Occasionally you also need to run BrowserStack to test your app on multiple native devices.
Besides the browser, let's not forget the unit tests that are running in Node while solving the problem, Node for the client, Node for the server. VSCode performs pretty well, but it still takes a few resources.
Oh, and of course you need to run Spotify to drown out all the noise from the open office space.
Chances are you are also expected to keep your Slack client open most of the time if not all the time.
16GB RAM is my minimum for a dev laptop, but of course the CPU needs to be decent as well. If you're doing machine learning, which I'm not, you also need a good GPU or a dedicated PC.
I don't have a coherent response, but I do have a whole bunch of comments!
I think that way more often than it being the machine's fault, it's the fault of the build systems or bloated software used.
I spend more of my time waiting around for remote builds for demo or production environments than I do my local ones, and I can generally continue working while kicking off a build.
I appreciate that not all developers have the same chores - most of my work doesn't require a recompilation step, because I don't work with those sort of languages very often and I don't need to import half a gig of dependencies to run a hello-world app. I change something in-place and see what it does, or I run my module in isolation.
I know you titled this "laptop performance matters" but I generally offload the processing to whatever machine I have around that's fastest, and sometimes that's a desktop.

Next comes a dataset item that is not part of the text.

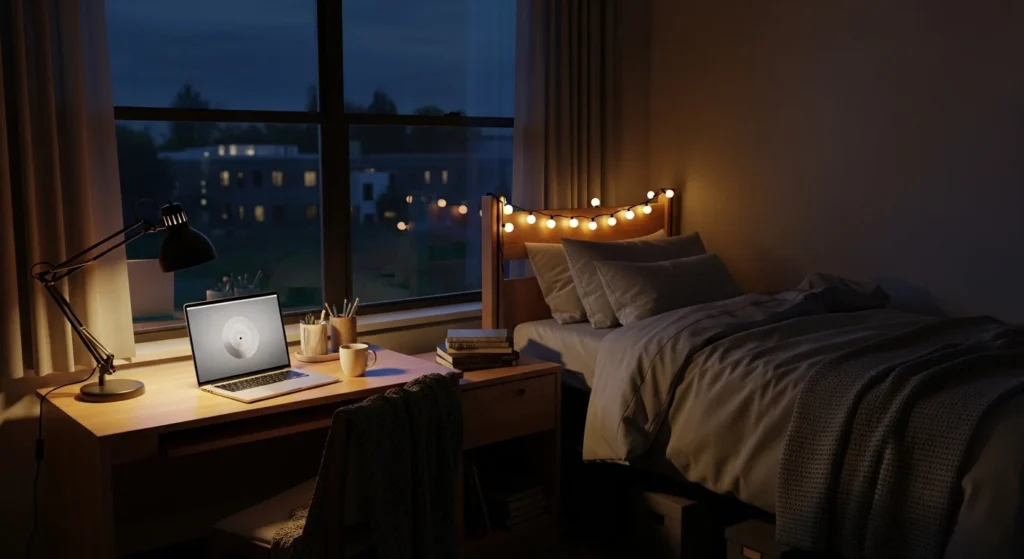Dorm room with soft nighttime lighting, cozy bedding, and relaxing ambiance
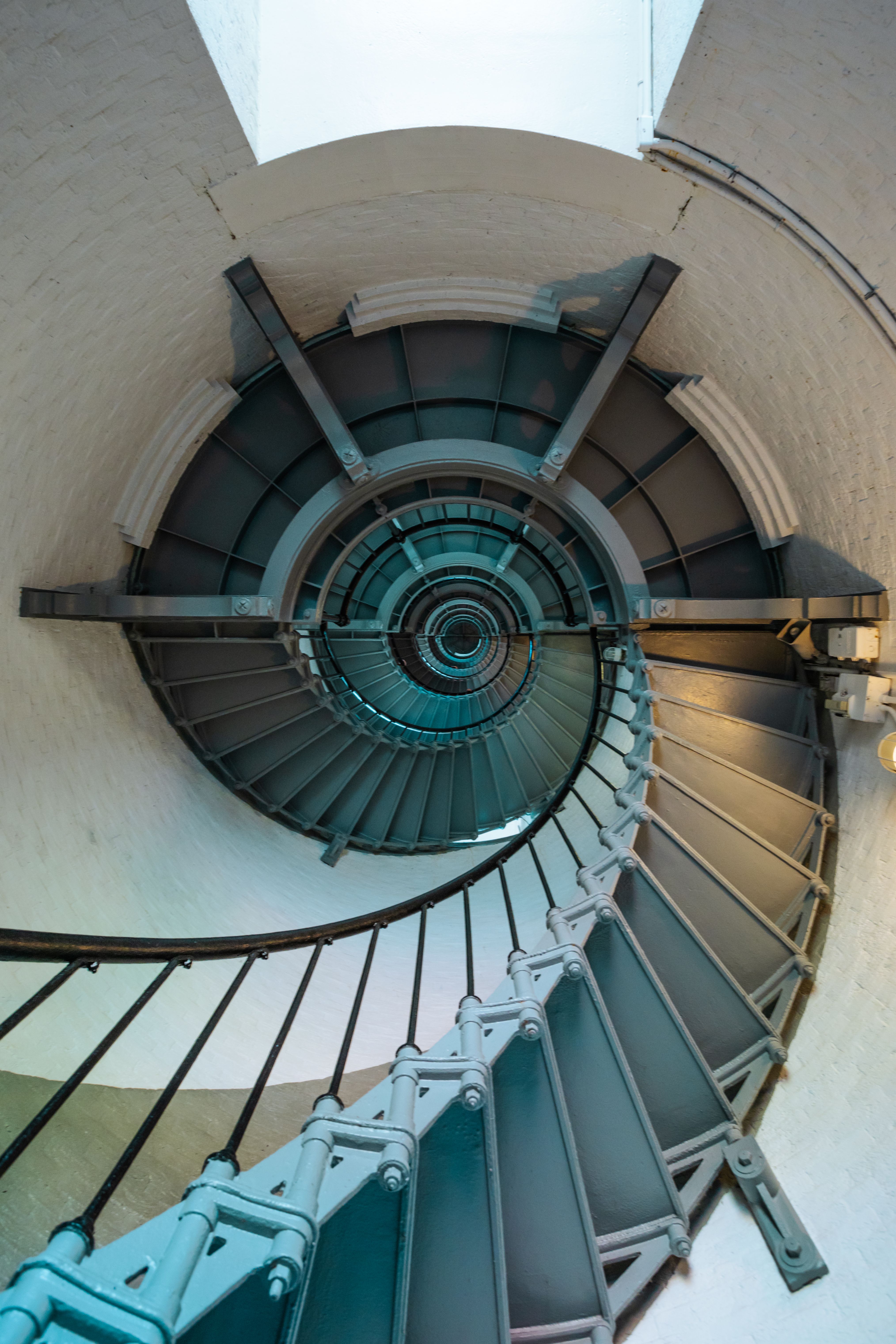 View from above of the spiral staircase in Ponce Inlet Lighthouse, Florida.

Desktops will always perform better than laptops with the same numbers.
There are other blockers, such as using Docker on a Mac with mounted file systems. That still makes things one or two orders of magnitude slower than running them natively or on Linux.
Having to deal with awkward window management, clumsy key bindings, not-very-ergonomic input devices, monitors with crappy colour profiles, that sort of thing makes everything feel a bit like a grind, and it makes you want to "upgrade your machine".
I waste more time during the day context-switching between real keyboard layouts and Apple's halfway-between-ISO-and-ANSI thing. I close windows when I expect to delete a word. That sort of thing. I'm faster in the office because I have one keyboard that I share between two machines, and I don't accidentally my work.
I guess what I'm saying is that it's my overall experience that's the problem, not the computer.
That's why I use desktops for serious work. My 4 year old desktop at work was cheaper than a powerful laptop back then, and still outperforms modern thin laptops.
p53 with xeon cpu and 128gb of ram is still modern thin laptop :D
Jests aside, PCs are just much better for serious work because they dont have thermal or power throtling.
Suitable dev machine is workstation laptop that has quadcore cpu with at least 16gigs of ram or at least posibility to upgrade it in the future. I mean, we live in the times when even smartphones have 12GB of ram.
And Chrome with opened dev tools is eating few gigs just for apetizers.
And we live in times where developers no longer really care about being conservative of RAM and CPU because systems have plenty anyway :/
I still don't understand why people use the Slack client rather than just having a tab open in the browser.
Absolutely agree but why would they? Ram is cheap.
Slack notifications in browser are not that reliable as in desktop client.
RAM isn't cheap when you need to keep adding it because you want to run more than 4 processes on your system.
I don't use any kind of notifications except for confirmed meetings. I've got work to do and that works better without things screaming for attention :p
FYI if you are using canonical links then you don't need to specifically mention other source.
Feel free to put in a feature request. That's auto-generated content from the RSS import feature of dev.to.
The top one is, but the bottom one should be brought in from your content.